Velma Rowe waters the plants outside her Hay River home on July 13, and isn’t discounting the possibility of competing in Yards in Bloom.

 For three weeks every summer, Hay River residents get a chance to showcase their green thumbs and win admiration from fellow gardening enthusiasts – not to mention a few prizes, too.

Between July 16 and Aug. 6, more than 30 volunteers will be scouring properties across six regions of Hay River in search of flower and garden arrangements appealing to both the eyes and nose.

Linda Carman, co-ordinator of the Yards in Bloom program, said the group’s main goal is to encourage people to make their living spaces tidier, more beautiful and visually appealing.

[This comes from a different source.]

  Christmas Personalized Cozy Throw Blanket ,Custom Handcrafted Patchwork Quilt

A sub-group of the Hay River Beautification Committee, Yards in Bloom picked up steam a few years ago when Carman and a couple of other volunteers, Marilyn Barnes and Faye Stark, decided to split Hay River into regions and classes, handing out more awards and prizes.

The top level, or master class, is for past winners and includes property owners who have had professional landscaping done. Winners in the second class, amateurs, also get bumped up to the higher category the following year.

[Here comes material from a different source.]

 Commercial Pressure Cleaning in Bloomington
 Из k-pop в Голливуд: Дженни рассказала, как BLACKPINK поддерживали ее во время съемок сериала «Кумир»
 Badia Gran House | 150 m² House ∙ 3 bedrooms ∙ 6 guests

We shake it up so that it prevents the same people from winning all the time, which is what used to happen,” Carman said. “If someone in the master class hasn’t won in the past three years, we allow them to go down to the amateur class.”

The competition is open to virtually anyone, businesses included, even those limited by space – the containers class allows people with balconies to participate, too.

It doesn’t have to be the whole yard,” Carman said. “It can be the front or the back. Basically it’s whatever people want to show us.”

After noticing judges weren’t quite sure what they were supposed to award points for, the group developed a criteria and points system, with five sections totaling 25 points. Each class has its own criteria sheet.

Every winner gets a cash prize, which ranges from $25 to $150. More importantly to some is the sign they also receive, an emblem they proudly display on their properties for all to see.

It’s a fulfilling endeavor for Carman, who grew up in a gardening family with parents who would try to grow anything.

My dad was able to grow McIntosh apples in Alberta, in a climate where they normally can’t grow,” she said. “This project is a great opportunity to see what people can do. I’ve seen people start from scratch and build absolutely beautiful gardens.”

Last year, the judges looked at 328 properties, excluding businesses.

On the third and final week of competition, a group of five judges spend an evening looking at the 12 best gardens and decide on an overall winner, whose identity is unveiled on Aug. 18 as part of an annual brunch.

With a fairly limited budget hovering around $3,000, the program organizes fundraisers and silent auctions in order to keep going.

Residents can participate by nominating their favorite yard by ballot at the library, town hall or recreation centre, or they can become a judge and help decide the winners.